27 May 1998
The InfiniteOS folks may have posted their source code a little early. Though they are still a step ahead of Omega, whose vaporOS never saw the light of day, an examination of their source code reveals that their aims may be a bit too ambitious. An OS News reader writes:
I looked very carefully through the
source code and all I found was some partially implemented parts of very
simple multithreaded OS kernel. The code has only limited support for
the Mac hardware and MacOS device drivers.
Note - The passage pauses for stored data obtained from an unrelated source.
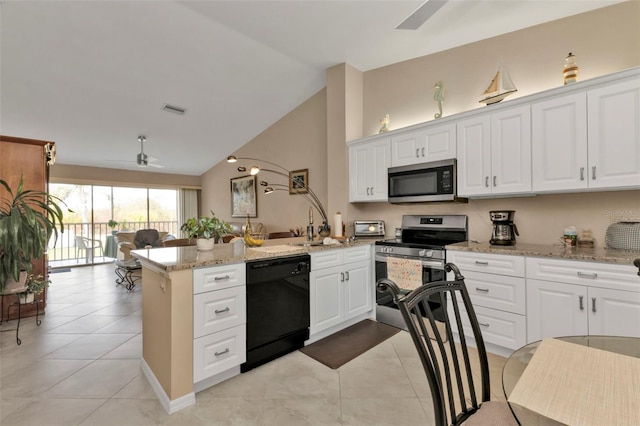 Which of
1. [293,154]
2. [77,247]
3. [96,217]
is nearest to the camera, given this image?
[293,154]

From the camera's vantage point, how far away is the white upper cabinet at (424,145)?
9.32ft

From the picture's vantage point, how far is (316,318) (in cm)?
262

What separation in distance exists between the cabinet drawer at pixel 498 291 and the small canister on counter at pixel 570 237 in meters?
0.61

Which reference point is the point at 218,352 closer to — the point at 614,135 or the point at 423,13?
the point at 423,13

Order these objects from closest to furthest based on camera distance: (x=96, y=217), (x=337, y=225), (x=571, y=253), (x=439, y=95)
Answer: (x=571, y=253) < (x=439, y=95) < (x=337, y=225) < (x=96, y=217)

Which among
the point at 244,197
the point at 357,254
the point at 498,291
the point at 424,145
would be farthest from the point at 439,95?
the point at 244,197

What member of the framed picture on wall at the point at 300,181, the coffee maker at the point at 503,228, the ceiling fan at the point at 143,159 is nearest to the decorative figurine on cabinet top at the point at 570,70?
the coffee maker at the point at 503,228

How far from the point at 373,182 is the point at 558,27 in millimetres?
2204

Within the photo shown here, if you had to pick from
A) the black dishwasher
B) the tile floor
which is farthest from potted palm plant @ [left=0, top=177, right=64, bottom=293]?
the black dishwasher

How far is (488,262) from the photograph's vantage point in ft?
7.85

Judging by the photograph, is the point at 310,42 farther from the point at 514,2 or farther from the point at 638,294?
the point at 638,294

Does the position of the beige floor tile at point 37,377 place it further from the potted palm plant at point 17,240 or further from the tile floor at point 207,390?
the potted palm plant at point 17,240

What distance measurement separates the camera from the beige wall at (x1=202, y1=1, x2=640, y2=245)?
2.31 meters

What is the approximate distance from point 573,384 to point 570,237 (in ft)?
7.00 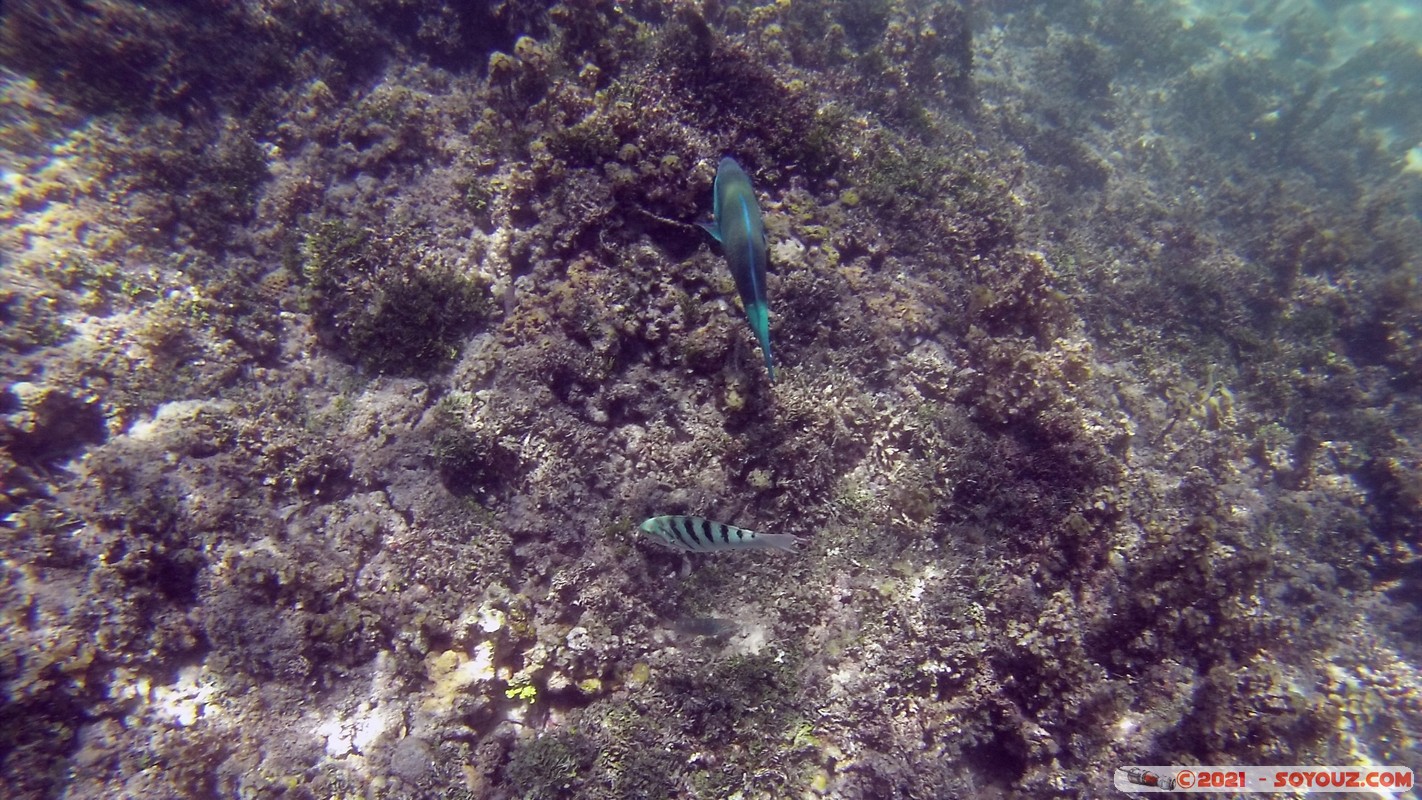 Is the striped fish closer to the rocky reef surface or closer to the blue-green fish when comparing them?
the blue-green fish

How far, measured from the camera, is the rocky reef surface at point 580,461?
3.87 m

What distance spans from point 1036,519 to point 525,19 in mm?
7141

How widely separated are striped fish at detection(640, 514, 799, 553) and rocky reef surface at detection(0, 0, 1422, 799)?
3.84 ft

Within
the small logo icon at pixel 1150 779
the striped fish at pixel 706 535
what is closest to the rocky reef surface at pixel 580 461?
the small logo icon at pixel 1150 779

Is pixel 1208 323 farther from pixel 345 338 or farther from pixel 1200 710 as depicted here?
pixel 345 338

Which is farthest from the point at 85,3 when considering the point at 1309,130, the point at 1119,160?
the point at 1309,130

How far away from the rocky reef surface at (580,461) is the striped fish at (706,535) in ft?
3.84

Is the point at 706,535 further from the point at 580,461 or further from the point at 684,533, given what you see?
the point at 580,461

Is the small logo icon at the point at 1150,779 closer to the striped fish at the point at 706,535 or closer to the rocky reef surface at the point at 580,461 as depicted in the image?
the rocky reef surface at the point at 580,461

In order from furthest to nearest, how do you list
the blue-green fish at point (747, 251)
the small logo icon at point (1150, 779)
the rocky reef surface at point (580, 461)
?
the rocky reef surface at point (580, 461) < the small logo icon at point (1150, 779) < the blue-green fish at point (747, 251)

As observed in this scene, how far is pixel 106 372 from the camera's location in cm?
455

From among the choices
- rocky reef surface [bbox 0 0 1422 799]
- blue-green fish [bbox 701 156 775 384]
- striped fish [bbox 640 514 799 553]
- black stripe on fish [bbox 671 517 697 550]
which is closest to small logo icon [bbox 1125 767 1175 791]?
rocky reef surface [bbox 0 0 1422 799]

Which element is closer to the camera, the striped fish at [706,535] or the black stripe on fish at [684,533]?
the striped fish at [706,535]

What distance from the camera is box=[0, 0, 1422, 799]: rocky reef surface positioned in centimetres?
387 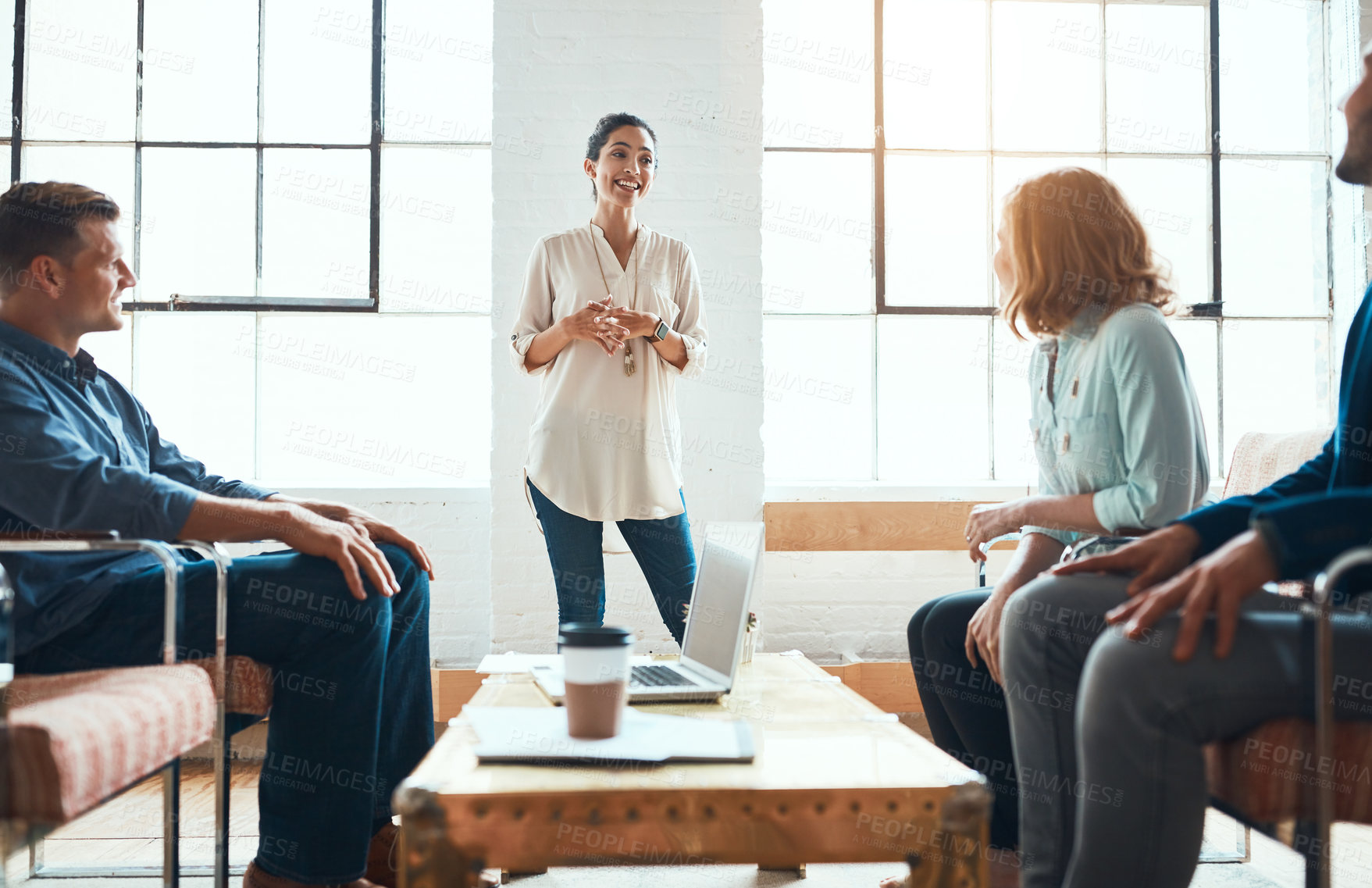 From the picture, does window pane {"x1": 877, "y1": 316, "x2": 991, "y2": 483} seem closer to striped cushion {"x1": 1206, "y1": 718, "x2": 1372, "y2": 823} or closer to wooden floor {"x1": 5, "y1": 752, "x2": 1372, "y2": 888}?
wooden floor {"x1": 5, "y1": 752, "x2": 1372, "y2": 888}

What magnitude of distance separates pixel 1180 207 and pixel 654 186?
2040mm

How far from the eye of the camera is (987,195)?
11.9 ft

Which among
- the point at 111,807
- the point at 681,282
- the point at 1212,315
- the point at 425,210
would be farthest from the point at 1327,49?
the point at 111,807

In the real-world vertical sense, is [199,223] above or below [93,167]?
below

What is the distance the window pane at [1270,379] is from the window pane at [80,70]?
4.16 metres

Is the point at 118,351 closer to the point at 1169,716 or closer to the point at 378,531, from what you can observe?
the point at 378,531

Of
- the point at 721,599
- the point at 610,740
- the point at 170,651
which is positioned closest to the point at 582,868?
the point at 721,599

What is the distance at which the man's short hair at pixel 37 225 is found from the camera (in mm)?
1728

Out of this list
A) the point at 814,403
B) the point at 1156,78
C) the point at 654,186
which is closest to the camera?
the point at 654,186

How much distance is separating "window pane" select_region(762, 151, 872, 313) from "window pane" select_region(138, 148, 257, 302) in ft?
6.10

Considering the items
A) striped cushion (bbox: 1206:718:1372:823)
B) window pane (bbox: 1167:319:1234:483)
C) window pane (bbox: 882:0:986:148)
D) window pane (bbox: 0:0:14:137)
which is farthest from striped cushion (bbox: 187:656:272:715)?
window pane (bbox: 1167:319:1234:483)

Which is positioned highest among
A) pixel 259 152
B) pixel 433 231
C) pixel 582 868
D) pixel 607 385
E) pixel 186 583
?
pixel 259 152

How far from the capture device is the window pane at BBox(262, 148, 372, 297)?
3459 millimetres

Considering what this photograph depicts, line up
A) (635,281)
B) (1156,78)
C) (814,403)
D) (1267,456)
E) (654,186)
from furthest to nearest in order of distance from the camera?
(1156,78), (814,403), (654,186), (635,281), (1267,456)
There is some support for
traps that open and close HFS vols and files, and some simple drawing
primitives, but not a lot else.
A Macintouch reader adds some more serious claims -- that they appropriated GNU code and put their own copyright notice in the headers. Slashdot.org is also covering this issue.
The code base provides none of the services that one would expect a
modern OS to support, nor does it provide a stable foundation on which
such services could be built.
InfinityOS was originally touted as a MacOS replacement but as it stands
it only support 8 of the 3500+ traps in the MacOS - and the 8 traps
supported are trivial.
A new Rhapsody for Intel Advocacy Group has been formed, with the aim to ensure that Apple's new OS continues to be developed for the Intel platforms past version 1.0.
A Techweb article notes how handheld PCs are more popular than ever, with the Palm Pilot in the lead by a wide margin.
Larry Ellison is at it again. The outspoken Oracle CEO accused Microsoft of "tacitly illegal" practices at an internet conference at Harvard University. "It's a very simple strategy. Take what you can't sell, glue it into the operating system and raise the price of the operating
system," he said.
Salon Magazine readers, responding to a revent article that suggests that Microsoft should release the source code to Windows 95, expostulate on the likelihood, benefits, and implications of this move.